Spotlight on speech synthesis – interview with Alex Perez

January 11, 2023
Yota Georgakopoulou

Speech synthesis has been in the limelight for the past couple of years, with many voice AI startups making their appearance in the market and use cases of the technology even making it to blockbuster releases. Fans marveled at young Luke Skywalker’s voice in Disney’s The Mandalorian or Val Kilmer’s voice in Paramount’s Top Gun: Maverick, both of which were recreated from earlier recordings. Although the technology has been around for over half a century, it has only been recent advancements in machine learning and deep neural networks that have allowed for the generation of lifelike synthetic speech at such high levels of accuracy, completely transforming the field and expanding the applications of the software. We discuss the current state of the technology with Dr. Alex Perez, lead scientist for speech synthesis at AppTek.


Q: Tell us a bit about yourself – where did you grow up, what did you study?

A: I was born 36 years ago in València, Spain, where I still live. València is the third biggest city in Spain, with a warm and sunny climate for most of the year, all kinds of commodities and an extensive cultural offer, and not as crowded as bigger cities like Madrid or Barcelona, so I was never tempted to move.

Dr. Alex Perez

I discovered my passion in technology and computers at a very young age, given that personal computers were not so common back then. Like most boys, I was a keen video game player, but more than that, I found computers fascinating and I wanted to learn more about them. At the age of 13 I started learning BASIC programming and web design on my brand-new Intel Pentium 200MHz shipped with Windows 95. I quickly became the computer kid in the neighborhood who you would call to fix your computer, so studying anything other than computer science was never a question for me.

I ended up studying at the Universitat Politècnica de València and specialized in Machine Learning and AI in my senior year. It was very exciting for me to see how machines learned from data, so I decided to pursue this further. I started by working on the application of automatic speech recognition (ASR) and machine translation (MT) in online learning and education via automatic subtitling, and I spent a few years working on these technologies before moving on to neural text-to-speech (TTS) for my PhD thesis in the context of speech-to-speech translation.

Q: Why did you switch to speech synthesis for your PhD?

I was always intrigued by speech synthesis so when such a position became available in our research group, I went for it. At the time it was not very common to work in text-to-speech, but to me it was more satisfying and impressive to make a computer speak and sound like a human than to make it transcribe dialogue.

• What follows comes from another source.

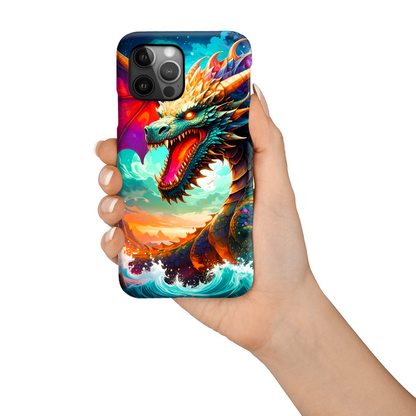 Dragon 9, Slim iPhone Case, Full Wrap Technology, Crafted From Premium Polycarbonate, Vivid Colours, Unique Image...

My decision of course also had to do with my background in music. My father is a musician, so music has always been part of my life. I've also been playing drums for more than 15 years in various local rock bands. Because of that, I usually find myself playing tunes in my body all day long. I also spent some time learning about music production, audio processing, mixing and mastering, which is now quite handy when it comes to speech signal processing.

Q: Has there been a turning point in your life as a scientist so far?

A: Switching to speech synthesis was definitely a turning point for me, as I had no prior knowledge of the technology when I started working on it. I had already discovered machine learning during my bachelor years and I joined the Machine Learning and Language Processing research group of Universitat Politècnica de València in 2012, just before the deep learning era, where I initially worked on the application of ASR and MT on educational videos.

The turning point for me came in 2017, when the main text-to-speech research scientist in our group decided to leave his position, which I then applied for. I was already very attracted to the idea of producing human-like synthetic speech, also because of its links to music production, but mainly as the final step to building cascaded speech-to-speech translation systems by concatenating ASR, MT and TTS technologies.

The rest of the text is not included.